PROMPT:
Once the images are removed, set down everything else in the listing below exactly.

DATASET SECTION:
------------------------------

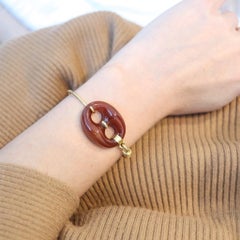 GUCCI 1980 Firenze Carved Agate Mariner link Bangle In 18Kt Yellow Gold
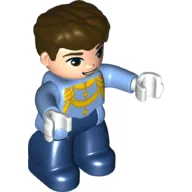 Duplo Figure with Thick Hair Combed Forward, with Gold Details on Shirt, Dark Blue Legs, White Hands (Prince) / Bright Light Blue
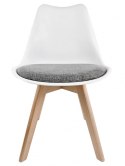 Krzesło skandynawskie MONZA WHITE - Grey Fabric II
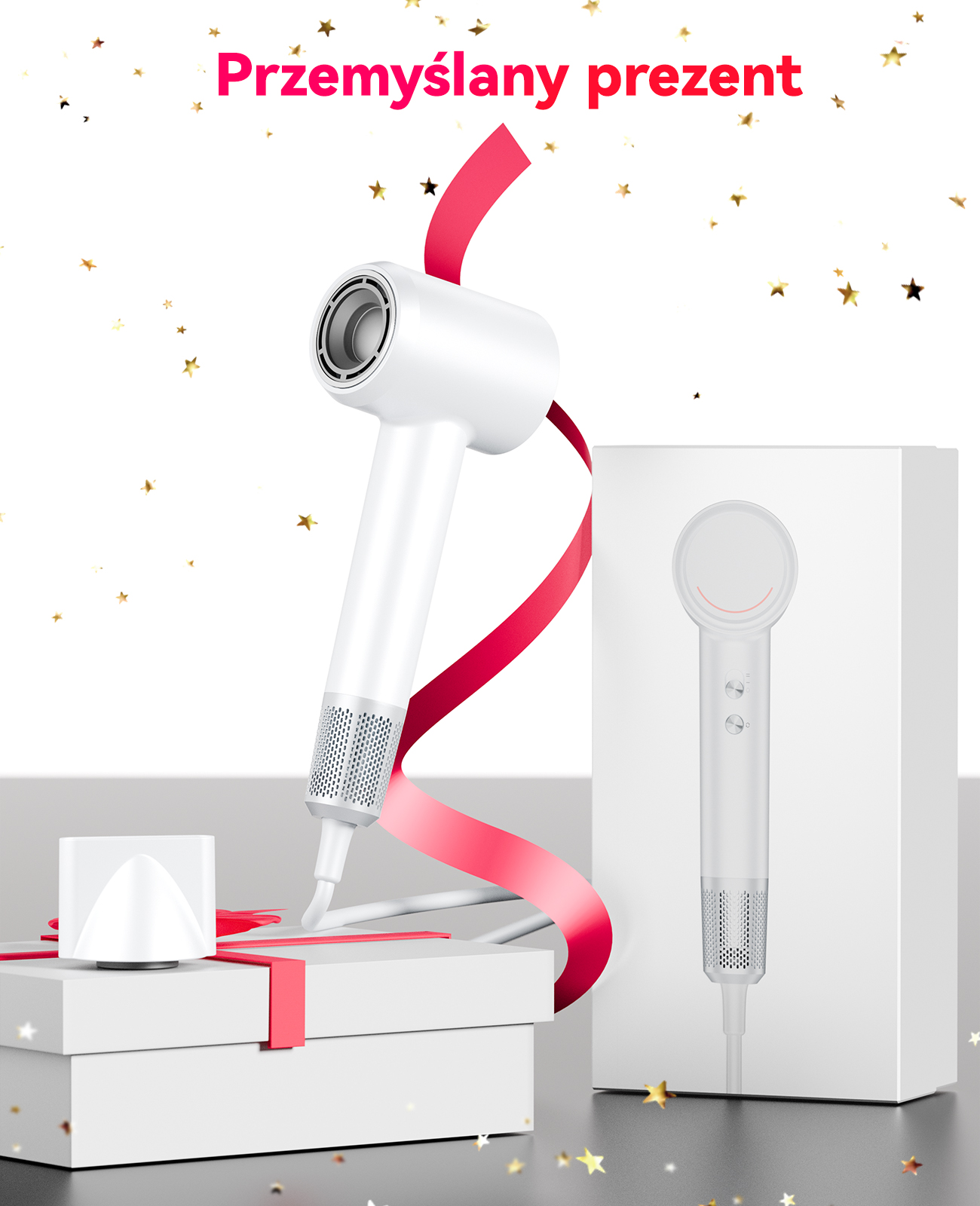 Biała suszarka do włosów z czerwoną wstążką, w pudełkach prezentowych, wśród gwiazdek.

------------------------------

TASK RESPONSE:
 GUCCI 1980 Firenze Carved Agate Mariner link Bangle In 18Kt Yellow Gold
 Duplo Figure with Thick Hair Combed Forward, with Gold Details on Shirt, Dark Blue Legs, White Hands (Prince) / Bright Light Blue
 Krzesło skandynawskie MONZA WHITE - Grey Fabric II
 Biała suszarka do włosów z czerwoną wstążką, w pudełkach prezentowych, wśród gwiazdek.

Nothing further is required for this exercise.